Canada’s Supreme Court Wednesday upheld a ruling against Google Inc. ordering the tech giant to de-list entire domains and websites from its search index, raising the hackles of free-speech advocates.
The case, Google v. Equustek, goes back to 2011 when British Columbia-based Equustek Solutions filed a complaint with the Supreme Court of British Columbia. It accused a group known as the Datalink defendants of selling counterfeit Equustek products online.
Equustek won the case on a default judgment because the defendants were in absentia during court proceedings. Google initially said it would remove 345 URLs directly related to the counterfeit products and ads under the Google.ca domain.
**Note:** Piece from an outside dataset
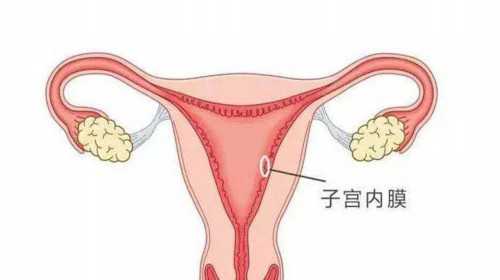 重庆试管代孕多少钱双胞胎|试管放2个胚胎的成活率怎样？做泰国试管婴儿怎么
The court then granted an injunction ordering Google to take down all search results worldwide to any Datalink websites. Google appealed the injunction at the Supreme Court of Canada, but the court upheld the decision despite Google’s assertion that such a ruling was an attack on freedom of expression.
In its ruling the court defended its actions stating that Google is a global company and in this case the only way to uphold the injunction was to apply the law where Google operates, which is worldwide. The court also said that the decision could be overturned once the intellectual property issues were cleared.
Addressing free-speech concerns, the court said the decision was “not an order to remove speech that, on its face, engages freedom of expression values. We have not, to date, accepted that freedom of expression requires the facilitation of the unlawful sale of goods.”
The ruling has sparked fears over what critics have alluded to as the strong-arm of global censorship. The Electronic Frontier Foundation said the Equustek decision was part of a “troubling trend” in which courts and governmental bodies can have content removed not only locally, but from the entire Internet.
Canadian law professor Michael Geist, who holds the position of Canada Research Chair in Internet and E-commerce Law at the University of Ottawa, wrote in a post, “What happens if a Chinese court orders it to remove Taiwanese sites from the index? Or if an Iranian court orders it to remove gay and lesbian sites from the index? Since local content laws differ from country to country, there is a great likelihood of conflicts.”
Geist concluded by saying the Canadian Supreme Court had just made a decision that empowers courts globally to assert jurisdiction over the Internet worldwide.
In a statement, Google said it’s “carefully reviewing the Court’s findings and evaluating our next steps.”